Reading …

Audiobooks are the best invention; I’ve only just become hooked on them. A bit slow of me, admittedly. There are days when I am too ill to get up; even to sit up and read, yet my mind is busy and in need of occupation, which is deeply frustrating and depressing – not constructive nor conducive to relaxation and recover! With a good audiobook on the CD player or transferred to iPod, I can lie back and enjoy being read to.

I have only a couple of audiobooks in my collection so far, though I can see this changing! Barbara Kingsolver’s Prodigal Summer, read by the author, a ginormous Lord of the Rings read by …. um … I don’t know! Except it is a very good cure for insomnia … not so successful, that one; and J K Rowling’s Harry Potter and the Half Blood Prince, read by Stephen Fry (bought recently for me by my adorable Tuxedo – I’m so spoiled!)

There’s a few I’m on the look-out for; a couple of classics such as Pride and Prejudice and Jane Eyre, read by luminaries such as Juliet Stevenson, a couple of Dorothy L Sayers mysteries, and of course as many of Terry Pratchett’s Discworld series – read by Blackadder’s Tony Robinson (Baldrick) – as I can get my hands on. Fortunately the (relatively) recently opened Borders in Perth has a huge and comprehensive selection so I’m in luck – audiobooks were previously rare critters.

Nostalgia has also hit, in the form of much-beloved children’s fiction/literature (specifically Elizabeth Goudge’s The Little White Horse – a childhood favourite which I discovered with much glee at, you guessed it, Borders), and at the Fantasy end of the scale, Anne McCaffrey’s Dragonseries. You may scoff, but I enjoyed the early books in the series immensely, and they still hold up. The entire concept of a complex agrarian/medieval society, the dragons and their relationship with their riders, the characters, the threats faced, were and remain classics of the genre. I totally went off the series around All the Weyrs of Pern –that the agrarian society could/would move to producing plastics, cellular microbiology and moving planets out of orbit within a four year span was bizarre and stretched the limits of credibility just a leeeetle far.

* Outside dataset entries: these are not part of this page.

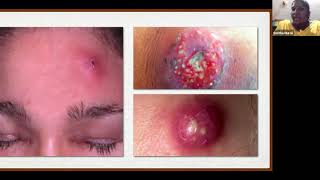 Common Dermatosis in Pediatric OP Practice  IAP Webinar [upl. by Ganley523]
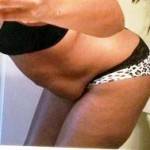 Mini tummy tuck pictures stretched skin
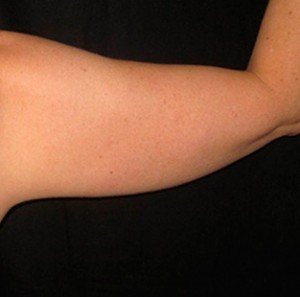 After patient Photo 2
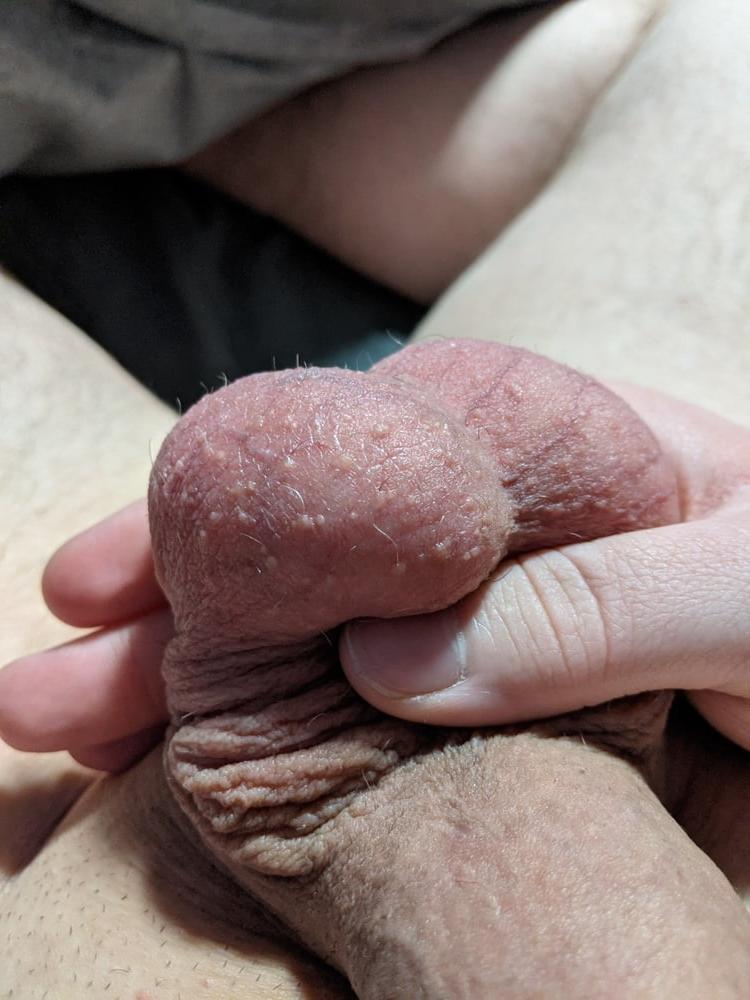25P Ball Pictures #1 full of tasty cum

Recent offerings in collaboration with or by McCaffrey’s son Todd have been plain lousy and limp. Nevertheless, I’m thoroughly enjoying Dragonflight et al, the Dragonsinger group, and prequels Dragonsdawn and First Fall.

Moving to somewhat higher ground, literature-wise, I’ve also made a start on both Bill Bryson’s A Short History of Nearly Everything and the novel The Book Thief by Marcus Zusak which looks damn interesting.

In other book news: Jodi Picoult’s ground-breaking multimedia novel The Tenth Circle­ has had some interesting results; penciller and story editor of the graphic novel-within-the novel Dustin Weaver has produced the movie adaptation of Peter Jackson’s King Kong, which looks brilliant from the few frames I’ve seen online, as well as some other mindblowingly new stuff. AND Picoult herself has been given the job of writing the story for five issues of Wonder Woman comics – talk about cross-breeding!

And who could ignore the fabulous news – via Ain’t It Cool News – that Joss Whedon is penning a new series of Buffy comics, produced by Dark Horse comics and taking off from the end of the final episode, where all the “potential” Slayers were activated and Sunnydale was sucked into the Hellmouth. The Slayers are now an organised force, yet there are still Big Bads and evils to fight … Yes I will be buying this, why do you ask?

Final reading news, I got around to buying myself a proper back-rest for comfortable sitting-up-in-bed-reading; no more slipping pillows and aching back for this girl! I found a good solid adjustable – and comfortable, padded – canvas on frame jobbie at an Independent Living centre – one of those places with lots of groovy gadgets and aids for mobility and health-compromised folks. It’s a great invention … next I need an adjustable bed tray large enough for my laptop/sketch books/notepads and I’ll be set.